In questi giorni si chiudono le pre-iscrizioni per le scuole secondarie e alle migliaia di ragazzini incerti su cosa fare nei prossimi cinque anni – e di conseguenza su che strada far prendere alla propria vita – vorremmo dare un consiglio: avete mai pensato di fare il meccanico? Anzi meglio dire il meccatronico, come ormai richiedono gli stessi addetti ai lavori.

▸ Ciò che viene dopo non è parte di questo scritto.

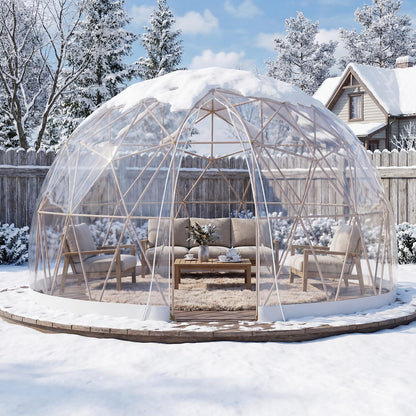 YODOLLA Igloo Tent Dome for Winter Outdoor 12x12 Clear Bubble Tent for 4–7 People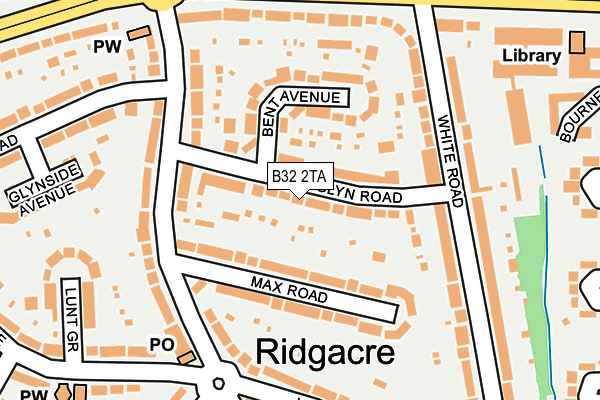 B32 2TA map - OS OpenMap – Local (Ordnance Survey)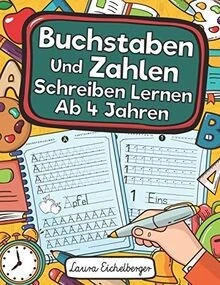 BUCHSTABEN UND ZAHLEN Schreiben Lernen Ab 4 Jahren: E... | Livre | état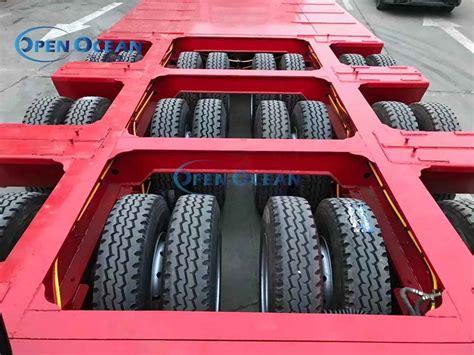 Axles Low Bed Lowboy Container Gooseneck Excavator Transport Truck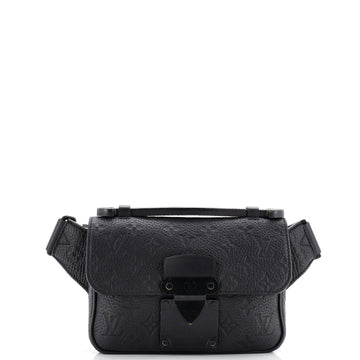 S Lock Sling Bag Monogram Taurillon Leather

Il meccanico, dicevamo, può essere un’alternativa per chi non sa quale corso di studi scegliere. Ecco un elenco di buoni motivi. Primo: è una professione affascinante, investita in pieno da un rinnovamento che la porterà fino all’automazione più spinta. Secondo: chi fabbrica o ripara trattori ormai non lavora più di martello e chiave inglese, ma di computer e prese multipolari, con minor sforzo fisico e maggiori competenze richieste. Terzo – e non certo ultimo – chi si diploma o laurea in queste materie trova un lavoro ancor prima di concludere gli studi. Spesso trasformando in contratto uno di quegli stage che sono ormai diventati la norma in tutti gli istituti superiori e ancor più in quelli a spiccato indirizzo professionale.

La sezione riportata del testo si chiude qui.